Had Comenius done nothing more than put forth and press home these truths he would have deserved our gratitude as an educationalist.
But he did more than this. He related virtue and godliness to knowledge. By knowledge Comenius meant knowledge of nature and of man’s relation to nature. It is this important characteristic of Comenius’ educational system that reveals the direct influence of Bacon and his school. To the great Verulam he pays reverence for what he owed him, but he owed him even more than he knew.
In this field of knowledge, the leading characteristic of the educational system of Comenius is his realism. We have pointed out, in contradiction of the assumptions of the modern sensationalist school, that the humanists were in truth realists, and it may be safely said that there can be no question among competent judges as to the realism which ought to characterize all rational and sound instruction. The question rather is as to the field in which the real is to be sought — in the mind of man, or in external nature. As the former may be called humanistic-realism, so the latter may be called sense- or naturalistic-realism. Of the latter, Comenius is the true founder, although his indebtedness to Ratich was great. Mere acquisition of the ordered facts of nature, and man’s relation to them, was with him the great aim — if not the sole aim — of all purely intellectual instruction. And here there necessarily entered the governing idea, encyclopædism or pansophism. Let all the sciences, he said, be taught in their elements in all schools, and more fully at each successive stage of the pupil’s progress. It is by knowledge that we are what we are, and the necessary conclusion from this must be, let all things be taught to all.
It is at this point that many will part company with Comenius. The mind stored with facts, even if these be ordered facts, will not necessarily be much raised in the scale of humanity as an intelligence. The natural powers may be simply overweighted by the process, and the natural channels of spontaneous reason choked. In education, while our main business is to promote the growth of moral purpose and of a strong sense of duty, we have to support these by the discipline of intelligence, and by training to power and work rather than by information. On the other hand, only those who are ignorant of the history and the recognized results of education will wholly abjure realism in the Comenian sense; but it has to be assigned its own place, and nothing more than this, in the education of a human being. The sum of the matter seems to be this, that while a due place in all education is to be assigned to sense-realistic studies, especially in the earlier years of family and school life, the humanistic agencies must always remain the most potent in the making of a man.
Comenius and his followers again confound knowledge with wisdom.
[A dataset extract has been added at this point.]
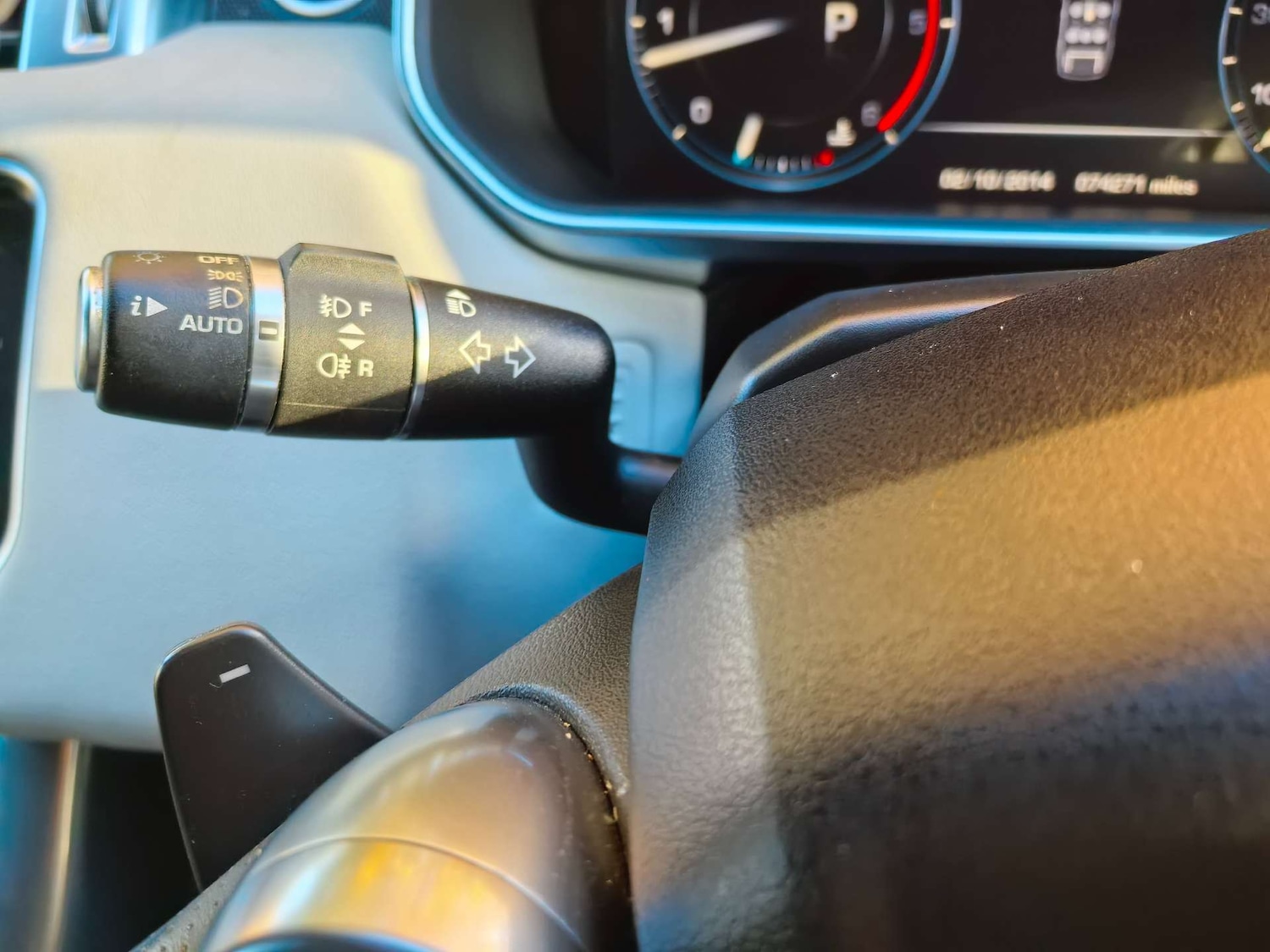 Used Land Rover Range Rover Sport 2014 for sale - 76602206: Photo 54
He affirms that “all authors are to be banished from school except those that give a knowledge of useful things.” Wisdom is certainly not to be opposed to knowledge, but it depends more on a man’s power of discrimination, combination, and imagination than on the extent of his mental store of facts. Were it not so, our whole secondary education, and all the purely disciplinal part of our university instruction would be very far astray. If the ancient tongues are to be learned simply with a view to the sum of knowledge they contain, it would be absurd to waste the time of our youth over them. It would be better to impose on our universities the duty of furnishing guaranteed translations for the use of the public. We shall not, however, involve ourselves in controversy here, as our object is merely to point out, generally, the strong and weak points of our author.
Next in importance to pansophy or encyclopaedism, and closely connected with it, is the principle that a knowledge of words and of things should go hand in hand. Words are to be learned through things. Properly interpreted, and under due limitations, this principle will, we presume, be now generally accepted. We say, under due limitations, because it is manifest that the converse preposition, that “things are learned through words,” is easily capable of proof, and is indeed, in our opinion, the stronghold of humanistic teaching in its earlier or school stages.